Wakil Ketua DPR Saan Mustopa sempat meminta agar tak perlu ada sapaan 'Yang Terhormat' saat Rapat Koordinasi Satgas Pemulihan Pascabencana DPR bersama sejumlah menteri dan kepala daerah di Aceh. Sapaan tersebut ternyata memang dinilai sebagai bentuk basa-basi yang terlalu panjang.
Hal ini disampaikan oleh pakar komunikasi dari Universitas Indonesia (UI) Firman Kurniawan. Ia awalnya menjelaskan latar belakang munculnya sapaan 'Yang Terhormat' di berbagai acara resmi.
"Itu sebetulnya sebuah bentuk simbolisasi penghormatan.

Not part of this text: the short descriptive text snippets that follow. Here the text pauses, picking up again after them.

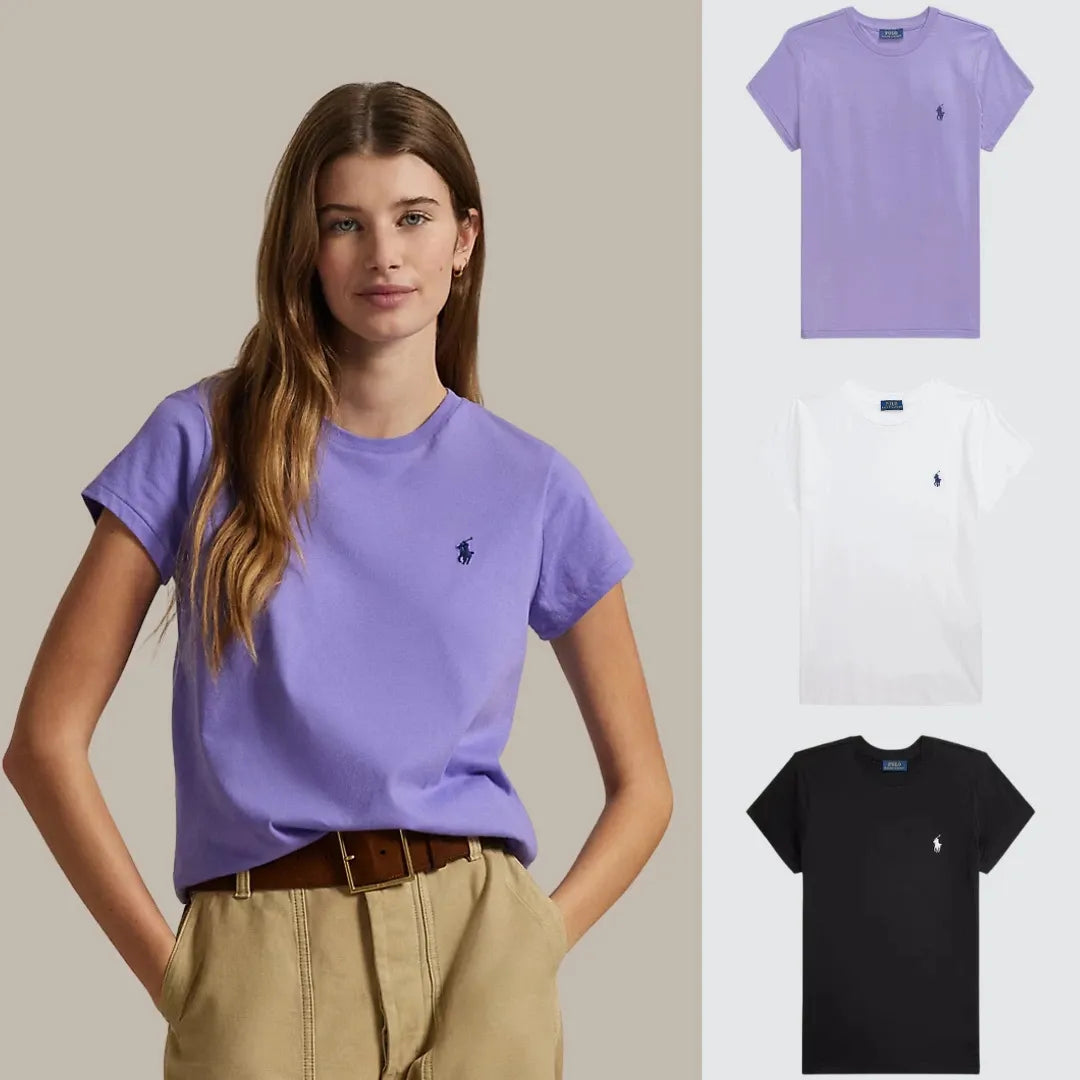 3 PACK - WOMEN'S SLIM FIT COTTON T-SHIRTS
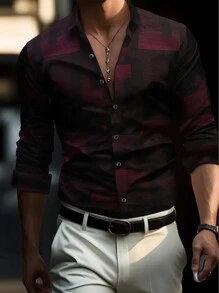 Men's Classic Fashion Long Sleeve Single-Breasted Collar Shirt, Striped Pattern Details, Suitable For Spring, Summer, Autumn, Office/Business, Casual And Formal Occasions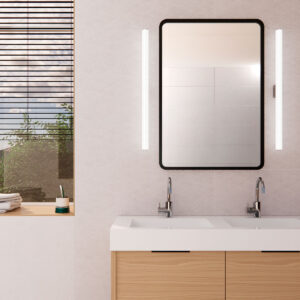 JPG-Nunky_PB_Amb_Blanco_30x90_01_0422 Doble lavabo sobre mueble de madera, espejo rectangular y revestimiento cerámico claro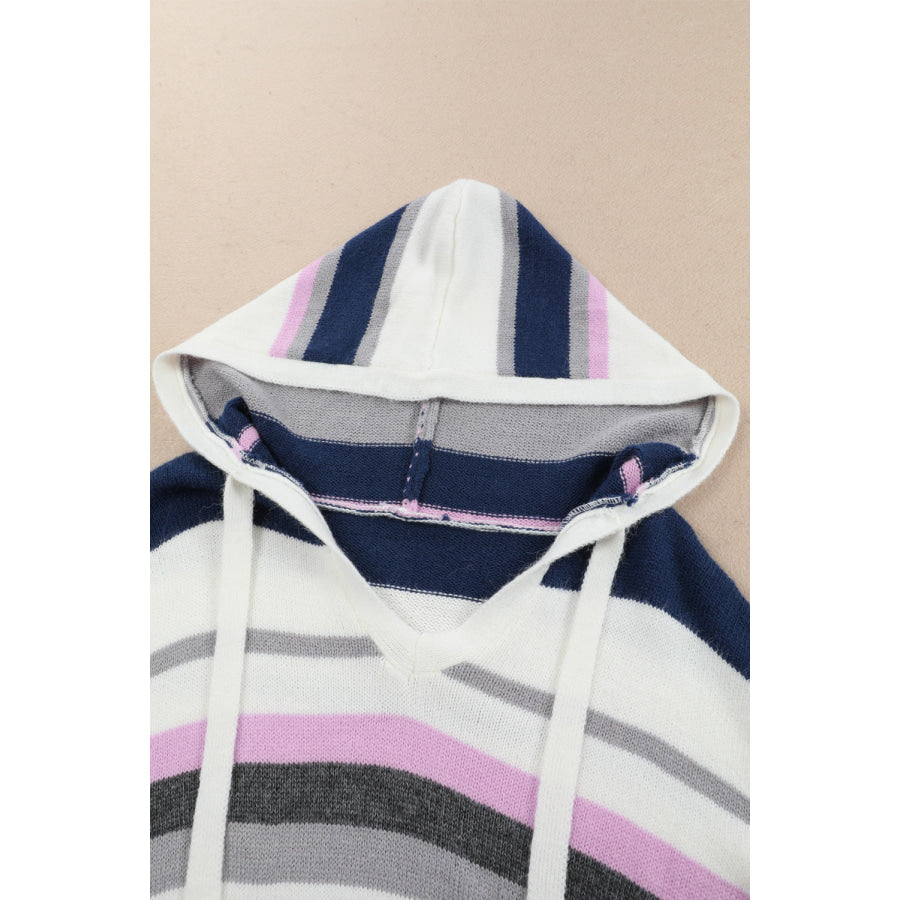 Plus Size Striped Long Sleeve Hooded Sweater Apparel and Accessories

Jadi mungkin selama ini di berbagai forum itu simbolisasi penghormatan dengan menyebut 'Yang Terhormat'," kata Firman saat dihubungi, Rabu (31/12/2025).
SCROLL TO CONTINUE WITH CONTENT
Kemudian, lanjutnya, sapaan 'Yang Terhormat' dipakai untuk menunjukkan situasi formal dan hierarki.
"Dalam konteks para anggota DPR yang datangi gubernur dan bupati di Aceh ini mungkin 'Yang Terhormat' yang disampaikan para gubernur dan bupati ini menunjukkan ada representasi wakil rakyat yang dihormati sehingga dia simbolkan dengan ucapan 'Yang Terhormat' itu," kata
Namun demikian, Firman menyebut sapaan tersebut seringkali dilakukan terlalu panjang. Ia menyebut sapaan 'Yang Terhormat' acap kali disisipkan dengan nama pribadi per pribadi.
"Seringkali ketika itu diterapkan memang terasa terlalu panjang, banyak orang yang harus disebutkan satu per satu, dan yang penting di Indonesia ini ketika menyebutkan nama orang itu akan menjadi persoalan ketika ada seseorang yang harusnya disebutkan tapi tidak disebutkan," ucap dia.
Selain itu, Firman menyebut sapaan 'Yang Terhormat' juga sebagai basa-basi yang terlalu panjang. Menurutnya, sapaan cukup dilakukan dengan salam. Jika harus memakai 'Yang Terhormat', lanjut dia, dilakukan secara general.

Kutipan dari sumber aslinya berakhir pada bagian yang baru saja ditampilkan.